The problem seems to be that its very heart, the Mahabharata is a poem. Traditionally, audiences would have experienced it in song or chant (indeed Bhaghavad Gita means "the song of God"). The English retellings, concentrating on making it clear and comprehensible for modern audiences, have generally ignored this, opting for prose instead. This isn't necessarily a bad decision; any attempt to directly imitate the metrical form of the shlokas (the stanzas used in classical Sanskrit literature) in English would sound jarring anyway. But undeniably something is lost by changing it to prose, and these Mahabhratas all seem drier and dustier for it. So while there are certainly good translations to be had in terms of accuracy and keeping alive the stories, no one has really been able to make the epic sing in English as it must have sung to its audiences so very long ago.

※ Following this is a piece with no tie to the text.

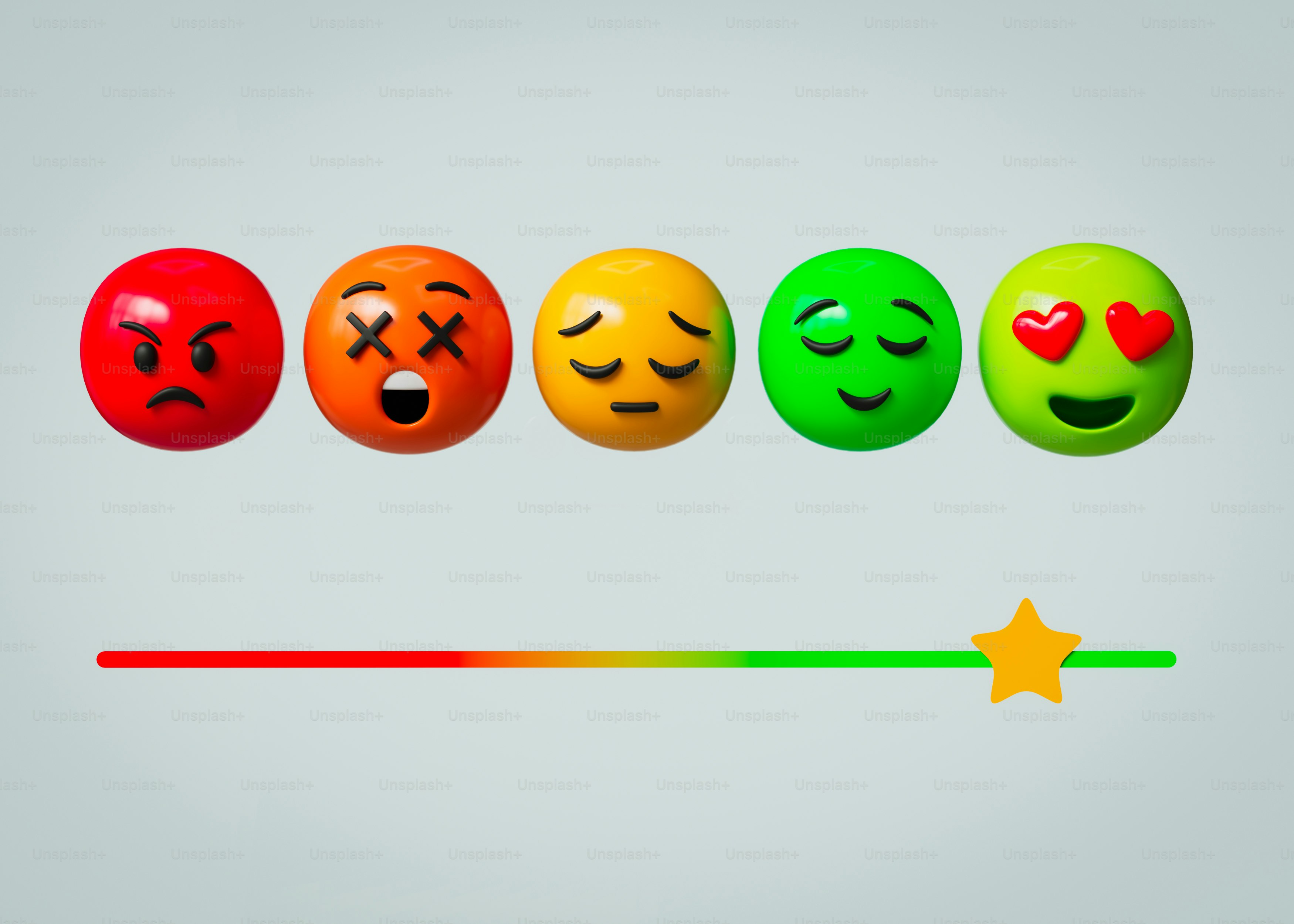 A line of different colored balls with faces drawn on them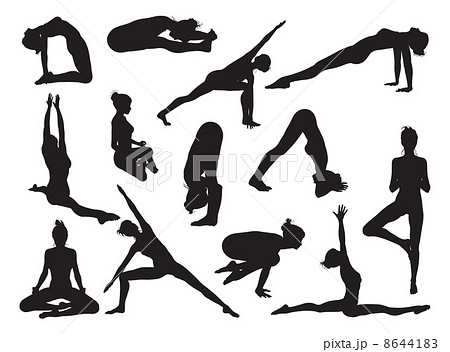 Yoga pose women silhouettes Yoga pose women silhouettes 8644183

No one until Carole Satyamurti, that is.

Mahabhrata, a Modern Retelling is glorious, and like so many brilliant ideas you are dumbfounded no one ever got around to thinking of it before. It starts with the realization that retelling the Mahabharata isn't a job for scholars, it's work that requires a poet. Satyamurti, an award-winning poet with several published collections under her belt, comes at the work not as a Sanskritist would--primarily concerned with hewing close to the original language--but as an artist who paints pictures with English verse. Since she does not, by her own admission, read Sanskrit, she allows herself to trust the most respected translations of those who do, soaking them up and respinning them in a way that sings to the English ear. The result is the Mahabharata I first longed for twenty years ago, when I read it in Sanskrit, and desperately wanted to share it with my English-speaking friends and family. It's the retelling you can hand to English speakers and say "this is why it has been loved for two thousand years."

This is no mean feat. Satyamurti has distilled 100,000 Sanskrit shloka couplets into 27,000 lines of English blank verse, keeping the structure of the original 18 books largely intact. Her choice of blank verse, with nine to eleven syllables per line and an average of five stresses, is perfect. The Sanskrit shloka, consisting of 32 syllables in two 16 syllable lines, was a widespread and well known form in ancient and classical India, just as blank verse--the meter of Shakespeare's plays and Milton's Paradise Lost--is for modern English speakers. Reading Mahabharata in this form is a subconscious cue that we are reading a classic.

It is also vibrant. With all due respect to Ganguli, his 5000 page retelling is often numbingly dull to even devoted Sanskritists and scholars. Satyamurti's poem by contrast is nearly impossible to put down, racing through the massive storyline with lithe, economical verse. On the crucial scenes she slows to focus attention, then picking up pace to speed through the less vital sections of the narrative. In addition to her story-telling skills her sense of character is pitch-perfect. Each of the twenty four or so principal figures she portrays in all their multiple dimensions, and the secondary characters are consistently distinct and memorable. This is the work of an artist just as devoted to her craft as she clearly is the Mahabharata, and the fact that this is a retelling should never detract from the fact that Satyamurti has composed one of the longest narrative poems In English history, and is it masterful.

I simply cannot recommend this retelling enough.